A brand book documents the visual and verbal identity. A full brand system goes further, defining how the brand behaves across all touchpoints, channels and audiences, including naming principles, tone of voice guidelines, templates and governance rules. Larger or more complex organisations typically need a brand system. For AG Insurance, we built a comprehensive identity system following the separation from Fortis. For CLdN, the brand system needed to work across multiple divisions, geographies and communication formats.
Should my product name be different from my company name?

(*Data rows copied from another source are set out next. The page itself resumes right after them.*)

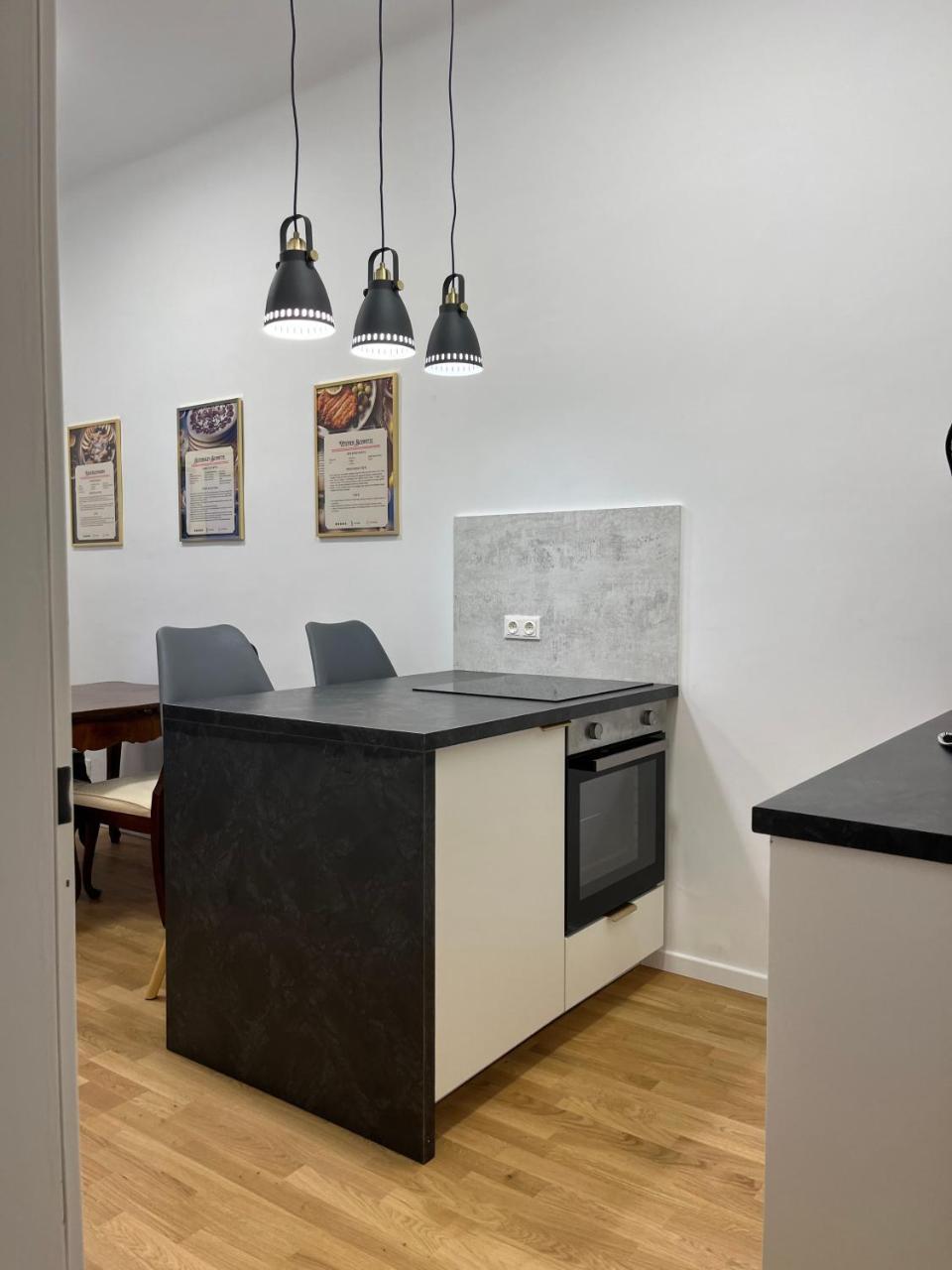 Urban Citytrip Flat 15 Min To Center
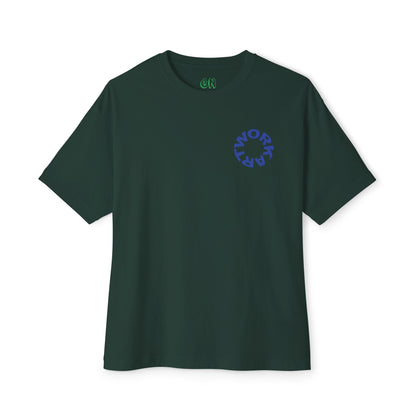 WorkArt tee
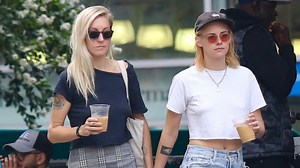 Our favorite Kristen Stewart moments for her birthday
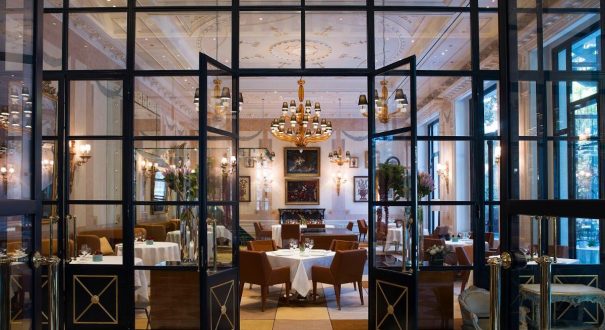 Palazzo Parigi Hotel & Grand Spa11 Palazzo Parigi Hotel & Grand Spa11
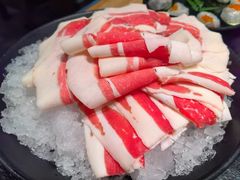 -阳坊涮肉(西直门凯德mall店)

That depends on your brand architecture. A product name distinct from the company name makes sense when the product targets a different audience, carries a different promise, or needs to stand independently in the market. For Aqualex, we structured a product portfolio with clear naming roles, ensuring each brand and sub-brand served a distinct purpose. For Lotus Bakeries, we supported naming development across the product portfolio while maintaining the strength of the parent brand.
How do we apply a visual identity consistently across all channels?

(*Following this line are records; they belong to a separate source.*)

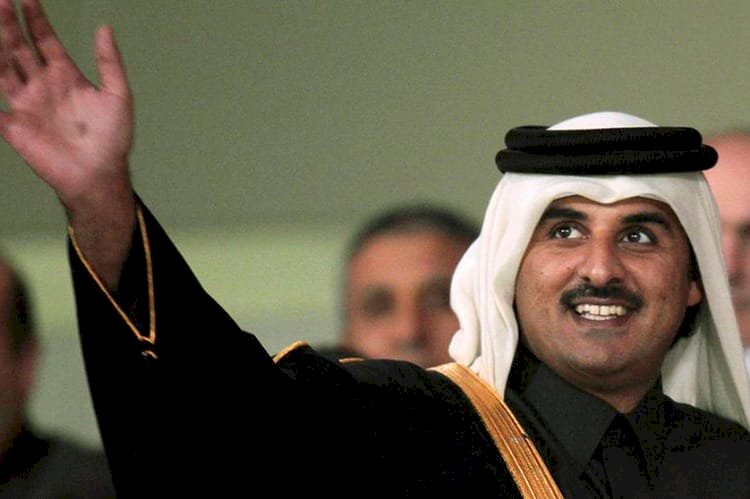 قصور تميم في مرمى اللصوص.. سرقة قصر أمير قطر في فرنسا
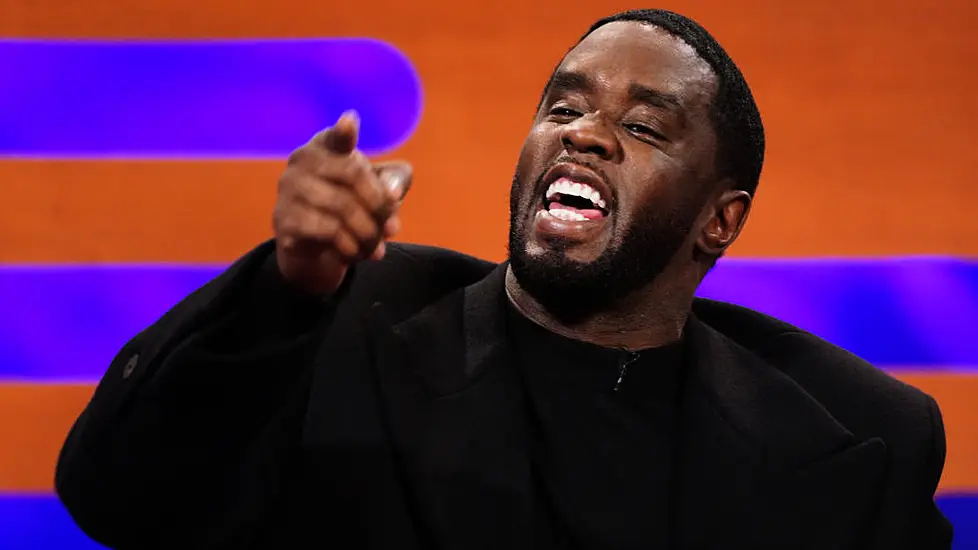 Filming Sean Combs Documentary ’Emotional And Difficult’ – Bbc Presenter Bokinni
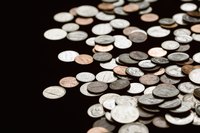 Examine your change closely and you may find pre-1965 silver coins that are more valuable than their face value.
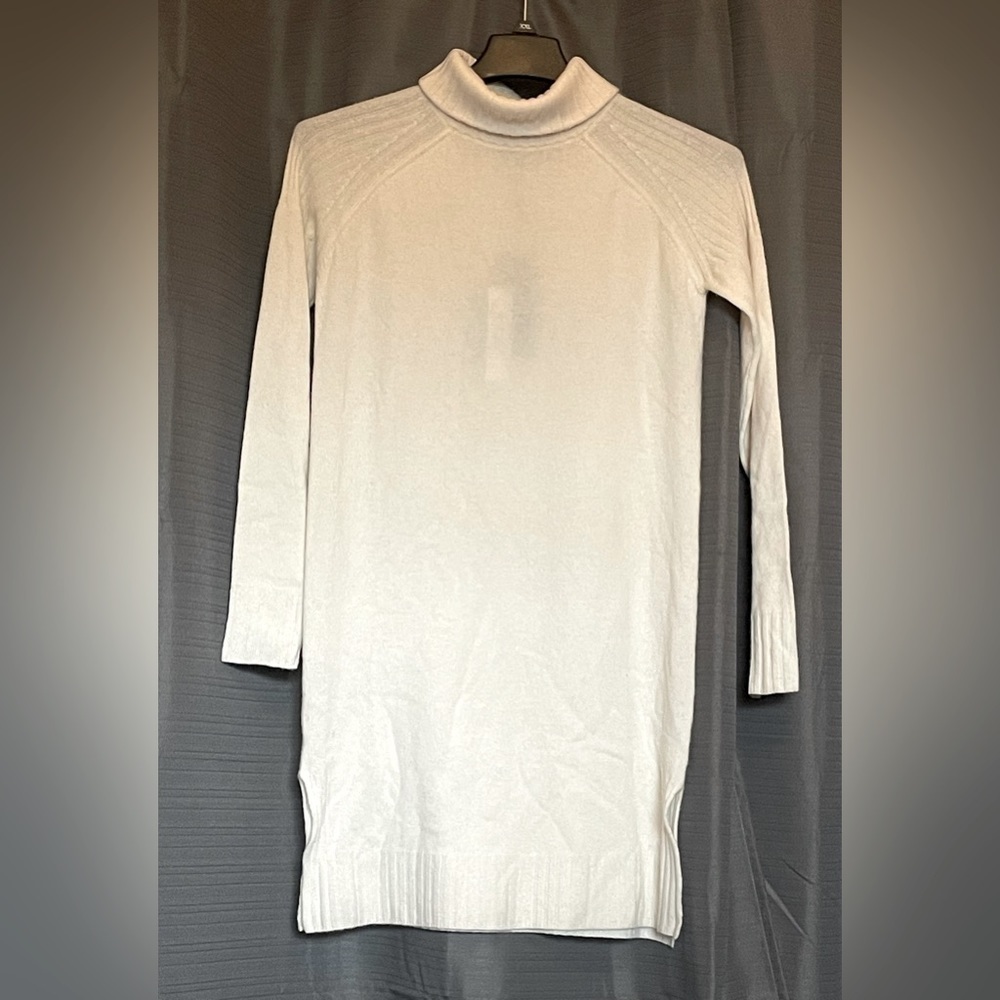 NWT Line wool/cashmere blend dress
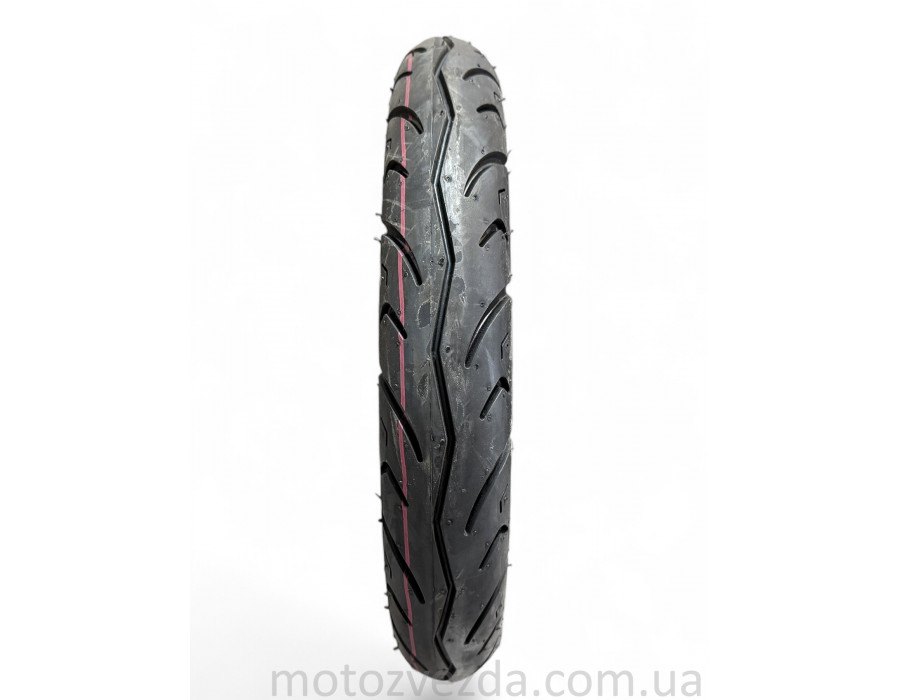 Резина 2.75-10 TL (6023) (TW) MotoTech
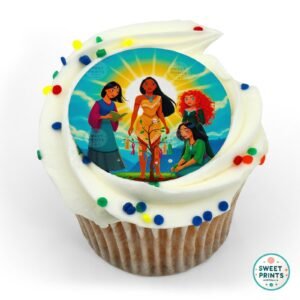 disney princess 25 95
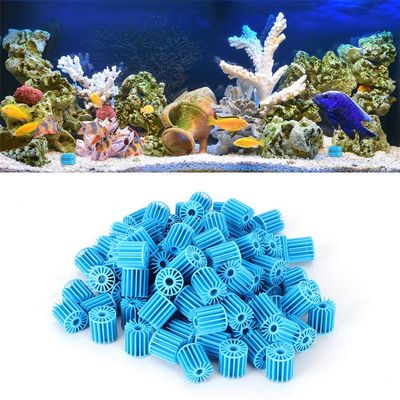 Bio Balls for Aquarium Filtration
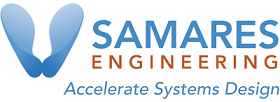 Samares Engineering logo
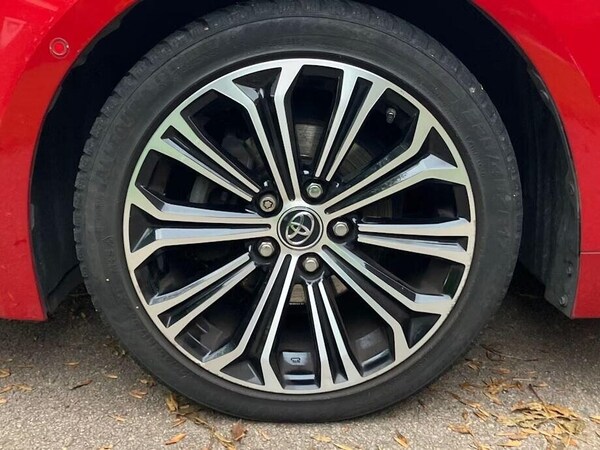 Used Toyota Corolla 2020 for sale - 76317274: Photo 11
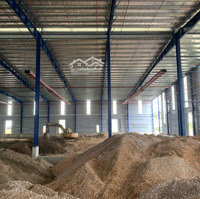 Cho Thuê Kho Xưởng Tiêu Chuẩn 330M2, 700M2, 6000M2, Mới 100% Ba La, Hà Đông, Hà Nội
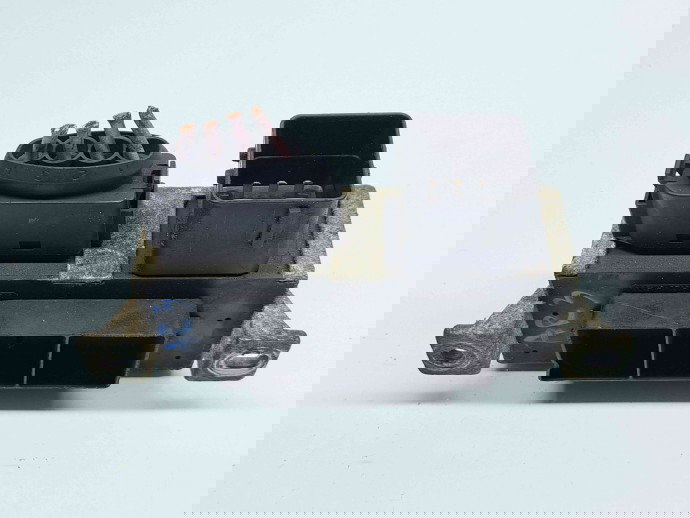  Releu Renault Kangoo 2 Maxi (F61) [Fabr 2008-2022] 8200558438A 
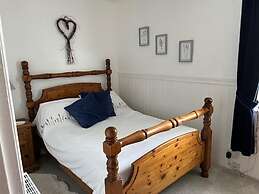 Seaside Cottage Retreat in Peterhead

Consistency requires clear guidelines covering logo use, colour palette, typography and visual tone. These guidelines must be practical enough for internal teams and external partners to apply without supervision. For CLdN, we developed a unified brand identity and guided its rollout across all touchpoints, from containers and harbours to digital communications. For Arvesta, we created practical brand templates and guidelines that enable consistent application across a large organisation with multiple sub-brands.
What makes a brand name legally defensible?

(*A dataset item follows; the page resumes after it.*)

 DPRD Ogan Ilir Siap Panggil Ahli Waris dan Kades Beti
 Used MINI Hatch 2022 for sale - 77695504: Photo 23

A legally defensible name is distinctive rather than descriptive, not confusingly similar to existing registered trademarks in the relevant categories and regions, and capable of being registered in all target markets. The more distinctive the name, the stronger the legal protection. Generic or descriptive terms are difficult to protect. Coined or invented names offer the strongest legal protection. For Liantis and bnode, we developed names with high distinctiveness that could be registered and defended across multiple jurisdictions.
When do we need a new brand name vs a visual update?
A visual update refreshes how your brand looks without changing what it's called. A new brand name is needed when the existing name creates legal risk, no longer reflects the strategy, limits growth, or carries associations that cannot be overcome through design alone. After the merger of three organisations, Liantis needed a name that represented a new identity, not a refreshed version of an existing one. For Belfius, the transition from Dexia required an entirely new name to signal a new chapter and rebuild trust.
How do we develop a name that works across languages and markets?
A name that works internationally must pass three tests: strategic fit, linguistic usability and legal availability. Linguistic research examines how a name sounds, reads and translates across target languages. Cultural perception tests ensure no negative associations exist in target markets. Legal screening confirms the name is available to register. For Nalu, we developed a name that works phonetically and culturally across European and global markets. For Equitone, we combined strategic naming with cross-linguistic research to ensure the name worked in all target markets.
What are the biggest risks when choosing a brand name without legal validation?
The biggest risk is investing in a name that cannot be protected or defended. A name may sound distinctive but be too descriptive, already registered in your target markets, or confusingly similar to an existing trademark. Discovering this after launch leads to costly rebranding and potential legal disputes. At Remarkable, legal validation runs parallel with creative development, not after it. For Liantis, we screened multiple name candidates for legal availability in all relevant markets before any creative investment was finalised. For bnode, we conducted availability searches across the EU and beyond before the name was announced.